U.S. regulators on Tuesday told banks to review cyber-security protections against fraudulent money transfers in the wake of revelations that a hacking group used such messages to steal $81 million from the Bangladesh central bank.
The notice from the Fed and other financial regulators came two weeks after the U.S. Federal Bureau of Investigation privately urged banks to look for signs of possible cyber attacks. That report asked them to hunt for technical clues that they have been targeted by the same group.
The warnings suggest that U.S. government and law enforcement agencies are concerned that recent attacks on banks in emerging-market economies could lead to losses for big U.S. firms that rely on the so-called SWIFT fund-transfer network, which serves as the backbone of international finance.
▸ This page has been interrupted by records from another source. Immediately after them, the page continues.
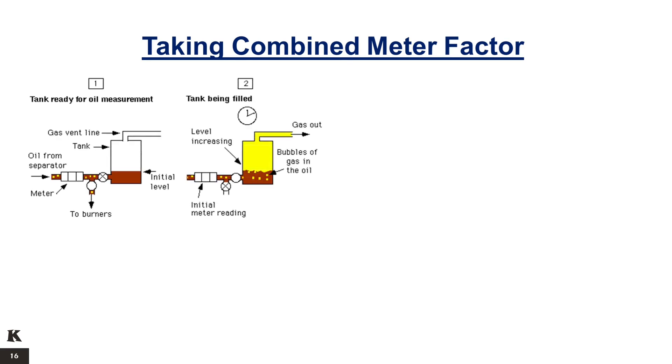Taking Combined Meter Factor with the Surge Tank. Step 1: when the tank is ready for oil measurement, take note of the oil meter initial reading as well as the initial tank level reading. Step 2: when the tank is being filled by the oil from the separator oil outlet, the level inside the tank is increasing and bubbles of gas in the oil will vent out through the tank gas vent line.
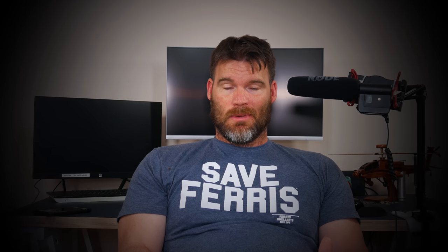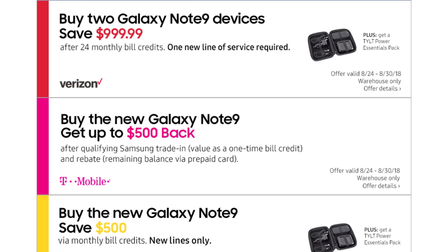What might be the best overall deal is through Costco if you're a member. You can still do the BOGO deal through Verizon or AT&T at Costco, and they'll throw in the TYLT Power Essentials Pack — a spare battery, cables, and an extra charger. Sprint and Verizon work similarly through Costco. With T-Mobile through Costco the $500 deal still applies. If you buy outright at Costco you pay full price but aren't locked into the 24-month installment plan.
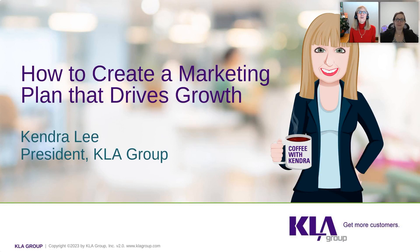Welcome, everyone, to this week's Coffee with Kendra, and we are going to talk about how to create a marketing plan that drives growth. We are at the beginning of the year, so the steps we're going to give you will help you to put that plan in place for the year. And then I'm going to tell you that you should be looking at your marketing plan throughout the year, and these are the same five steps to do that.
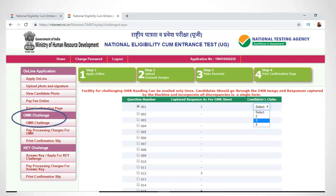The OMR challenge screen will look like this. For each question, you will be given the captured answer. If you find any captured answer incorrect, you can select the correct option in the candidate claim box. Keep in mind that you can submit the challenge only once, so make sure you verify all questions before clicking the submit button.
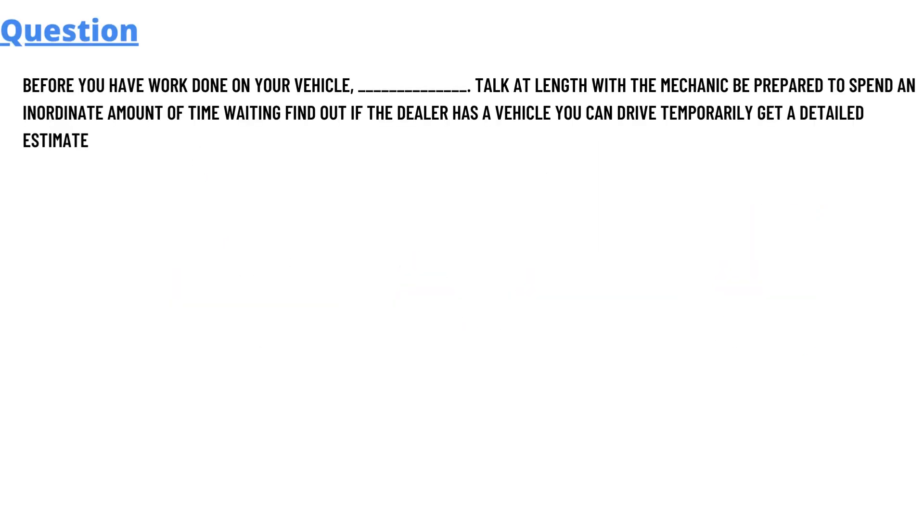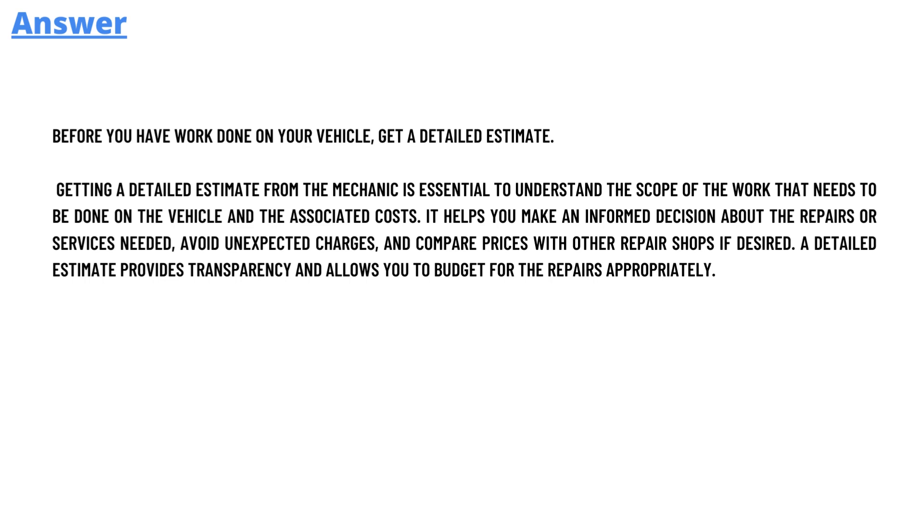Today's question which we'll be discussing is: before you have work done on your vehicle, what should you do? The answer to the question is: before you have work done on your vehicle, get a detailed estimate.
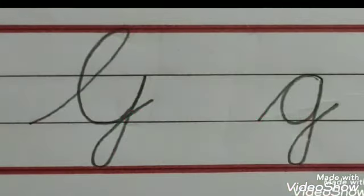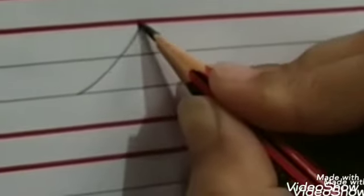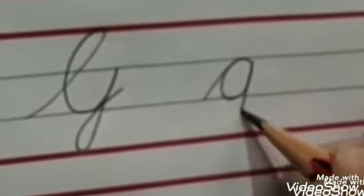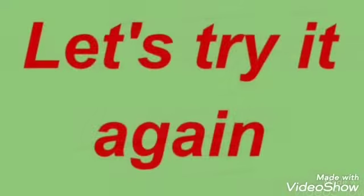Capital G. Small G. Capital G. Small G. Let's try it again.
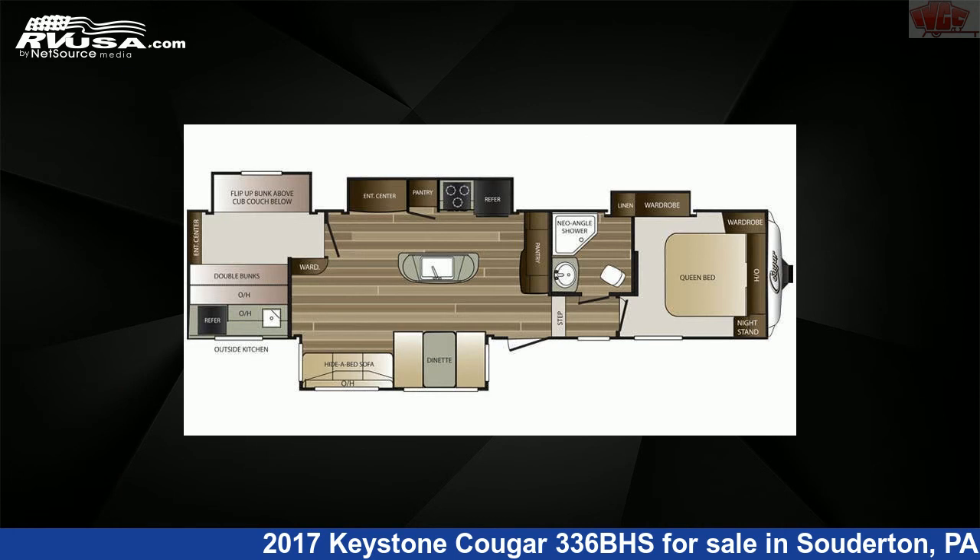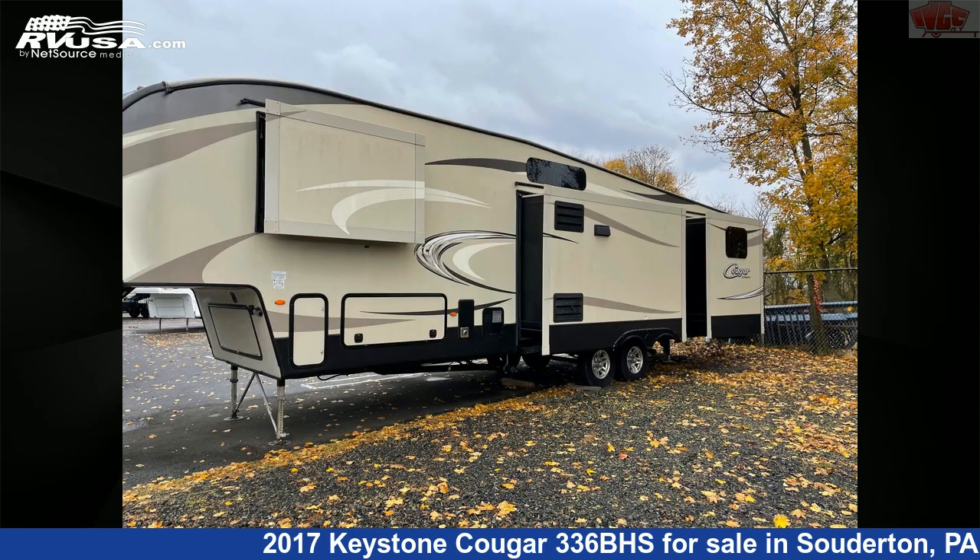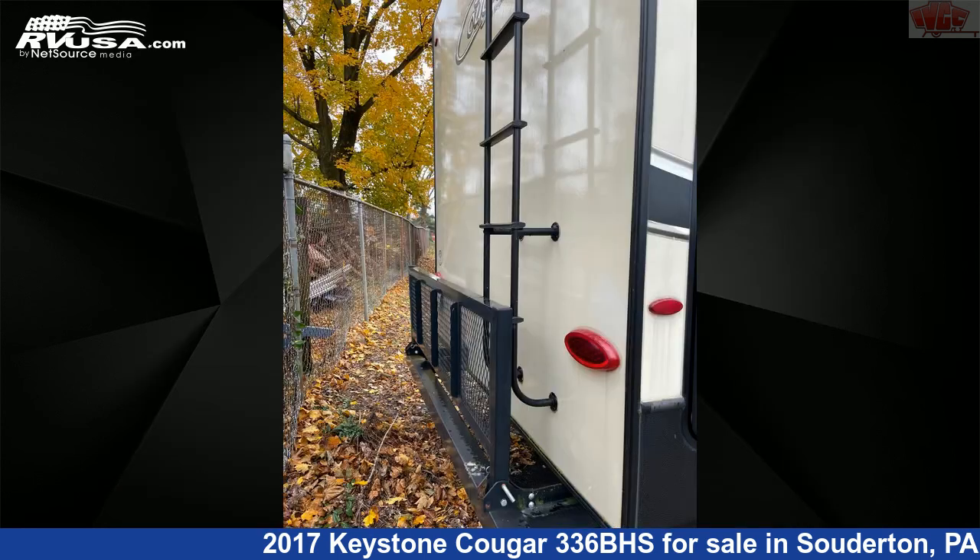This used Keystone is 37 feet 8 inches in length and features four slide-outs, sleeps 11, skylight, oven, slide-out, microwave, external shower, CO detector, refrigerator, and auxiliary battery.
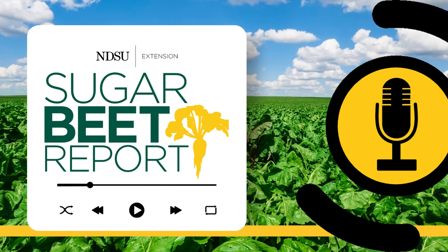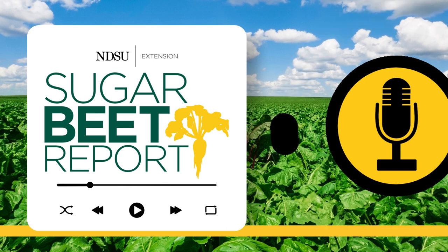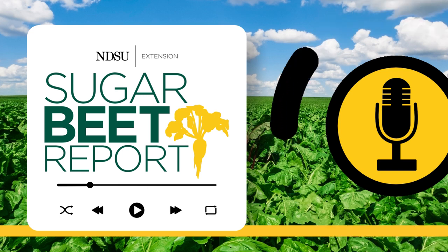This is the Sugar Beet Report, bringing you the latest information from NDSU throughout the sugar beet growing season. The sugar beet root maggot is making an impact again this year, with some areas in the valley under intense pressure. Mark Botel, NDSU Extension entomologist, has the latest update concerning the sugar beet maggot.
Concerns about cyber threats to banks have grown since Bangladesh Bank disclosed its heist in March. Similar cases later came to light including an earlier $12 million theft from Banco del Austro in Ecuador, an attack on Vietnam’s Tien Phong Bank and one on an unidentified victim in the Philippines.
Dan Guido, a former member of the security team for the U.S. Federal Reserve System, said he expects the hacker group will launch more attacks.
“There is a hacker group out there that is polished and practiced. They know when they target a bank, they get in and get out and the attack will work,” said Guido, chief executive of cyber-security firm Trail of Bits.